Stock Volatility Jumps to Highest Since Covid Pandemic as Selloff Deepens
Key Takeaways
- The Cboe Volatility Index (VIX) jumped above 60 on Monday, the highest the “fear index” has been since March 2020.
- The reading Monday morning is the index’s highest outside of two distinct market meltdowns: the onset of Covid-19 and the fallout from the failure of Lehman Brothers in September 2008.
- Volatility has picked up in recent weeks amid a reset of stock market leadership and growing anxiety about a slowing U.S. economy.
One measure of stock market volatility surged to its highest level since the early days of the Covid-19 pandemic on Monday morning as stocks across the globe continued to suffer big losses.
The Cboe Volatility Index (VIX) jumped above 60 on Monday, the highest the “fear index” has been since March 2020. It is the index’s highest reading outside of two distinct market meltdowns: the onset of Covid-19 and the fallout from the failure of Lehman Brothers in September 2008.
Stocks abroad sold off on Monday, with British and German indexes each down about 3% and the Japanese Nikkei 225 tumbling more than 12%. U.S. stock futures pointed to steep losses on Wall Street as well, with the Dow on track to shed 3% at the open and the Nasdaq 100 barreling toward a 5% decline.
Volatility has picked up in recent weeks amid a reset of stock market leadership and growing anxiety about a slowing U.S. economy.
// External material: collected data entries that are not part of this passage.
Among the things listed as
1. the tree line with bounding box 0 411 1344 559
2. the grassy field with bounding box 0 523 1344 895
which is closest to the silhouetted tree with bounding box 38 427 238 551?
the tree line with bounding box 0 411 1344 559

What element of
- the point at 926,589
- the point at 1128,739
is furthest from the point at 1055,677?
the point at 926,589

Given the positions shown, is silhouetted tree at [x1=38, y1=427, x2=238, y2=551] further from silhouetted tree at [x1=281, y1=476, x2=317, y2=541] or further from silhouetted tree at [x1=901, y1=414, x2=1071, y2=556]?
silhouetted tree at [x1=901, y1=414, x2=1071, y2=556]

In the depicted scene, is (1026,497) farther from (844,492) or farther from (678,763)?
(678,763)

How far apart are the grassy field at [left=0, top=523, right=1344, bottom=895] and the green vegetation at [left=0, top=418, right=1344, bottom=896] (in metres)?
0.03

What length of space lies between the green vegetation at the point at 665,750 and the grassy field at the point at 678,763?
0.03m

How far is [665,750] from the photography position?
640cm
Mega-cap tech stocks have sold off several times since a soft inflation report in mid-July sparked a rotation into the small-cap stocks poised to benefit most from interest rate cuts.
And fear was ratcheted up last week when several reports pointed to a softening labor market, prompting some to wonder whether the Federal Reserve has waited too long to start cutting rates.